*** Begin section ***

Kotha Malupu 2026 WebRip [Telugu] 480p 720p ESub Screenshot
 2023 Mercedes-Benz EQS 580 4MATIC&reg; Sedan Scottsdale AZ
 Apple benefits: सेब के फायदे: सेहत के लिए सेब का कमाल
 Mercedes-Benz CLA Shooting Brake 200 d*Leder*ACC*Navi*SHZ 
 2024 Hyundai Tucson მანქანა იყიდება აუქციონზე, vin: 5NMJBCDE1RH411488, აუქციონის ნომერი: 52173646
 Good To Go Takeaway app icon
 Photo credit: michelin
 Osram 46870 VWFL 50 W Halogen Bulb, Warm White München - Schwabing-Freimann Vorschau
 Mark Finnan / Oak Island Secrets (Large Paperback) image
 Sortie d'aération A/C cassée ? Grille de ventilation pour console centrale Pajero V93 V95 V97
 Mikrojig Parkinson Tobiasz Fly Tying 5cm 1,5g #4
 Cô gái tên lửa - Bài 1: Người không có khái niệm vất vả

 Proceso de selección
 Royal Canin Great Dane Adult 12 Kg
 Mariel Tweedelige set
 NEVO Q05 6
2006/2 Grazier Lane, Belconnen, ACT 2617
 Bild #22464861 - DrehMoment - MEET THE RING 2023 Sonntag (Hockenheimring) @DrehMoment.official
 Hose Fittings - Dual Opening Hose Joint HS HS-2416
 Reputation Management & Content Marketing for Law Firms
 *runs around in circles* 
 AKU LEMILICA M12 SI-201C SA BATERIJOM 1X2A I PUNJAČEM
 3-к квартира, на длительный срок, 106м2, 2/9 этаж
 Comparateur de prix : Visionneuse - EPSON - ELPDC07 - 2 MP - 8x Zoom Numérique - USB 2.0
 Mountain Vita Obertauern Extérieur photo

*** End section ***

** What is required **
Give back each entry exactly as it was written.

** Result for this exercise **
Kotha Malupu 2026 WebRip [Telugu] 480p 720p ESub Screenshot
 2023 Mercedes-Benz EQS 580 4MATIC&reg; Sedan Scottsdale AZ
 Apple benefits: सेब के फायदे: सेहत के लिए सेब का कमाल
 Mercedes-Benz CLA Shooting Brake 200 d*Leder*ACC*Navi*SHZ 
 2024 Hyundai Tucson მანქანა იყიდება აუქციონზე, vin: 5NMJBCDE1RH411488, აუქციონის ნომერი: 52173646
 Good To Go Takeaway app icon
 Photo credit: michelin
 Osram 46870 VWFL 50 W Halogen Bulb, Warm White München - Schwabing-Freimann Vorschau
 Mark Finnan / Oak Island Secrets (Large Paperback) image
 Sortie d'aération A/C cassée ? Grille de ventilation pour console centrale Pajero V93 V95 V97
 Mikrojig Parkinson Tobiasz Fly Tying 5cm 1,5g #4
 Cô gái tên lửa - Bài 1: Người không có khái niệm vất vả

 Proceso de selección
 Royal Canin Great Dane Adult 12 Kg
 Mariel Tweedelige set
 NEVO Q05 6
2006/2 Grazier Lane, Belconnen, ACT 2617
 Bild #22464861 - DrehMoment - MEET THE RING 2023 Sonntag (Hockenheimring) @DrehMoment.official
 Hose Fittings - Dual Opening Hose Joint HS HS-2416
 Reputation Management & Content Marketing for Law Firms
 *runs around in circles* 
 AKU LEMILICA M12 SI-201C SA BATERIJOM 1X2A I PUNJAČEM
 3-к квартира, на длительный срок, 106м2, 2/9 этаж
 Comparateur de prix : Visionneuse - EPSON - ELPDC07 - 2 MP - 8x Zoom Numérique - USB 2.0
 Mountain Vita Obertauern Extérieur photo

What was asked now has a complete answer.